A fourth area of rehabilitative need is diet and nutrition. Older adults with cancer are at very high risk for developing malnutrition, often because many of them also have comorbidities in addition to their cancer. Patients who have excessive weight loss due to early satiety and anorexia may derive benefit from a nutrition consultation to identify problems with the current dietary pattern and aid with a supplemental plan. A speech therapy consultation may be beneficial for patients with dysphagia or difficulties swallowing. Some patients may need an appetite stimulant such as megestrol acetate, which has been shown to have some benefit in preventing cachexia. However, megestrol acetate also has many adverse effects and is contraindicated in many older patients. Mirtazepine is an antidepressant that has been used successfully as an appetite stimulant and which has a lower side effect profile. This drug may benefit a depressed patient with anorexia who is also struggling with insomnia. Patients who become very malnourished, especially those requiring prolonged periods of radiation and/or chemotherapy, may benefit from a short period of intravenous hyperalimentation or gastrostomy tube placement for supplemental nutrition.
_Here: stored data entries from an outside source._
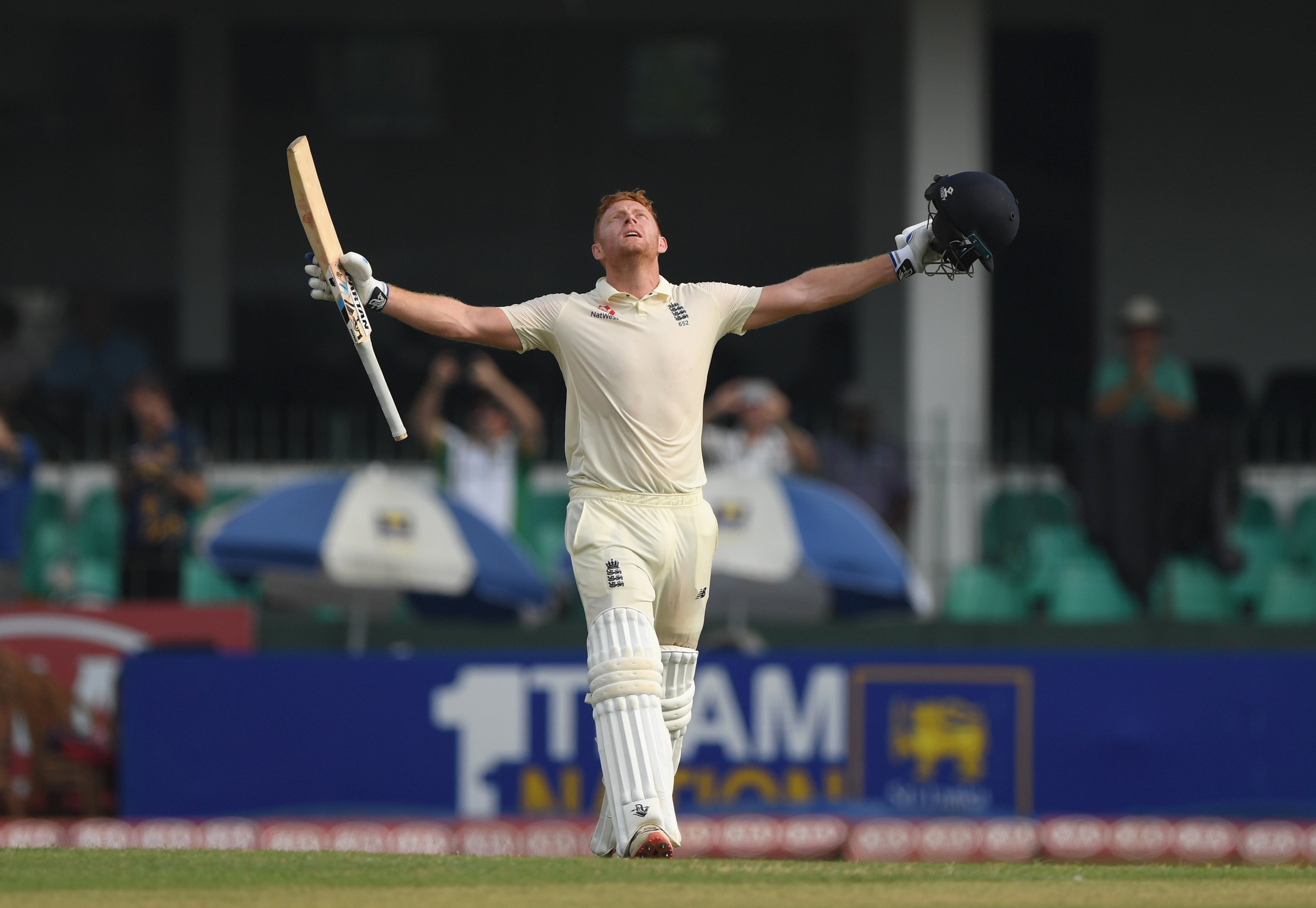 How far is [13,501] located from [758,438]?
4.56 m

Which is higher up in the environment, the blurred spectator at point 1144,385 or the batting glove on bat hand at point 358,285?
the blurred spectator at point 1144,385

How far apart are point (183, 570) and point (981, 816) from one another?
5.09 m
Obesity and lack of physical activity may be a problem for some cancer patients. Weight gain after cancer and/or obesity puts patients at higher risk for recurrence of breast, colon, and prostate cancers. Maintaining physical activity and a prudent diet can be an important focus for rehabilitation.
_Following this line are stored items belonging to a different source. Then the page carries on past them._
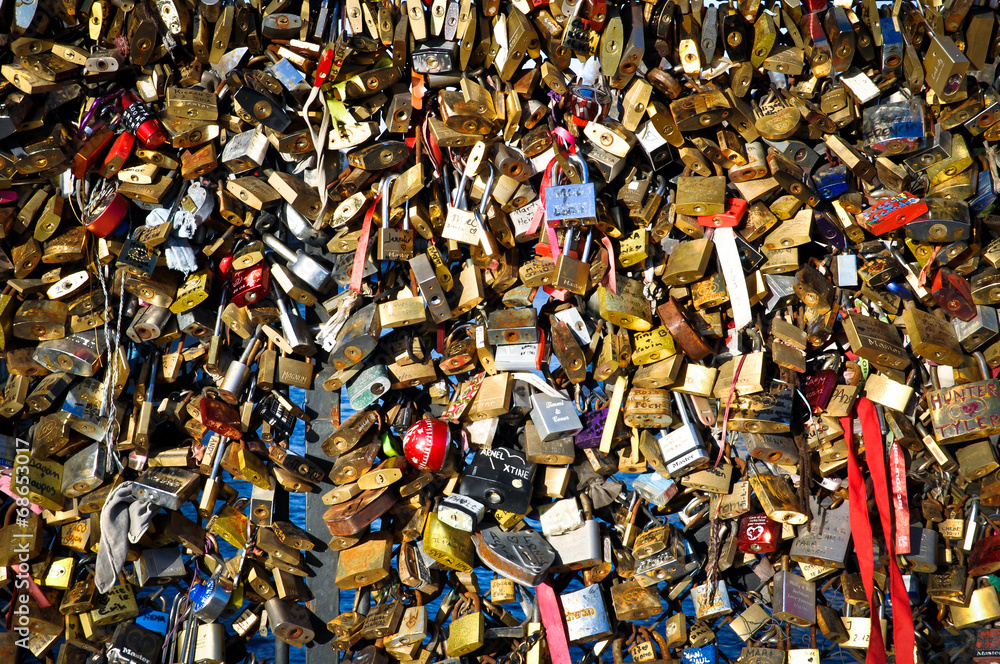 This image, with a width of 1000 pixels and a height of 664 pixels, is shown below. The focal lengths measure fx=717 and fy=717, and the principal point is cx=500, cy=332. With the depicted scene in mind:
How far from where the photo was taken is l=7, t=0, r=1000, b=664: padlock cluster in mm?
2004

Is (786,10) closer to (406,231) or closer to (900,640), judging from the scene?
(406,231)

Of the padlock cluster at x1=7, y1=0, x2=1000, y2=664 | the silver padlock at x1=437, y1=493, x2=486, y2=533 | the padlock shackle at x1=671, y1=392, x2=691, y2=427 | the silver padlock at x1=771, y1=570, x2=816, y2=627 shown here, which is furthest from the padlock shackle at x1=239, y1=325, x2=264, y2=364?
the silver padlock at x1=771, y1=570, x2=816, y2=627

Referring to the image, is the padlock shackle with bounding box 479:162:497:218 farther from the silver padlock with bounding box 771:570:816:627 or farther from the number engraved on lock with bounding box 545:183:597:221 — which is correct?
the silver padlock with bounding box 771:570:816:627

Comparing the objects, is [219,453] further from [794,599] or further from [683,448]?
[794,599]

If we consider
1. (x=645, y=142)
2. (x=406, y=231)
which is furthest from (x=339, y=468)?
(x=645, y=142)

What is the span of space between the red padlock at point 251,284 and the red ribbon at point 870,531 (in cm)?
178

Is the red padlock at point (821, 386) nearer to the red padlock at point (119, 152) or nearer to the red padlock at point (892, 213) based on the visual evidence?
the red padlock at point (892, 213)

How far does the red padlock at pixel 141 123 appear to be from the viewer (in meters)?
2.24

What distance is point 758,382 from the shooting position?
1999 mm

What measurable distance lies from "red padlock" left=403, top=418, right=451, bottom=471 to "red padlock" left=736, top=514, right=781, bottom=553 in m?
0.91

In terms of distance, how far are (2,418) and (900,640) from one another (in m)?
2.92

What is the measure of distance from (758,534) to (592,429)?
56cm

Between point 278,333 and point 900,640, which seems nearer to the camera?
point 900,640

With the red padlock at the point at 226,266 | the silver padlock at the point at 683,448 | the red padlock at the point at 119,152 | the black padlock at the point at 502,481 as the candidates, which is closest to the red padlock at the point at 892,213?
the silver padlock at the point at 683,448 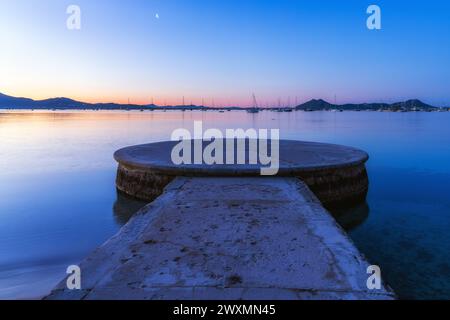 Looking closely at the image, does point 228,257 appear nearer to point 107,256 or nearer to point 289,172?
point 107,256

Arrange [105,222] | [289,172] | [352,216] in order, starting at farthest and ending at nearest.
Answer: [352,216], [105,222], [289,172]

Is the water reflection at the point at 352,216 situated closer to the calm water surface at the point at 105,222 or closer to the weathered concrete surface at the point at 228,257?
the calm water surface at the point at 105,222

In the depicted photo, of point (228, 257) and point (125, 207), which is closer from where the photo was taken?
point (228, 257)

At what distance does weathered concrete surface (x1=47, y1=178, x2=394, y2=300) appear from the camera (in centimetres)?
286

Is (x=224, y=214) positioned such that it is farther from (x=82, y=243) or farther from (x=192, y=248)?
(x=82, y=243)

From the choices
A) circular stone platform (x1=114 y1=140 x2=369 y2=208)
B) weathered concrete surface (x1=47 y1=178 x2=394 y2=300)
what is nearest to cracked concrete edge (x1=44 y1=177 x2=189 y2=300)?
weathered concrete surface (x1=47 y1=178 x2=394 y2=300)

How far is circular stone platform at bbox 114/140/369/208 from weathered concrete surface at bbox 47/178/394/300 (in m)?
2.29

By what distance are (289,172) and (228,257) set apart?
463 centimetres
Cancer-Specific Rehabilitation Issues


Breast CancerAs with the patient described at the beginning of the chapter, many women suffer both physically and emotionally from the diagnosis and treatment of breast cancer. Breast cancer is the most common cancer in women in the United States. Surgical treatments for breast cancer have evolved over the past 30 years, so that modified radical mastectomies are done less frequently (about 35% of cases), and most women receive a segmental mastectomy with whole breast irradiation. Removal of the axillary lymph nodes and radiation to the axilla can lead to complications of arm swelling and difficulties with range of motion. Fortunately, these procedures are being done less frequently; the current strategy is biopsy of a “sentinel node” to determine whether the breast tumor has spread outside the breast. When this does not show spread, surgery to the axilla can be avoided. Nevertheless, there are many older women who have had mastectomies at an earlier time and who may experience problems with arm swelling and function. The most common problems that occur with the surgical treatment of breast cancer are upper extremity edema, limited mobility, pain, tingling, numbness and weakness, fatigue, difficulty lifting, and trouble following through with housework. For B.S., this significantly affected her quality of life and she nearly refused surgical intervention when her breast cancer recurred in the other breast. She underwent occupational therapy including an exercise program, elevation, and a supportive sleeve, which collectively improved her right arm function and decreased the edematous swelling. During this period, she also received psychotherapy, was started on an antidepressant, learned about the new conservative surgical options and therefore agreed to have surgery to remove the left breast cancer.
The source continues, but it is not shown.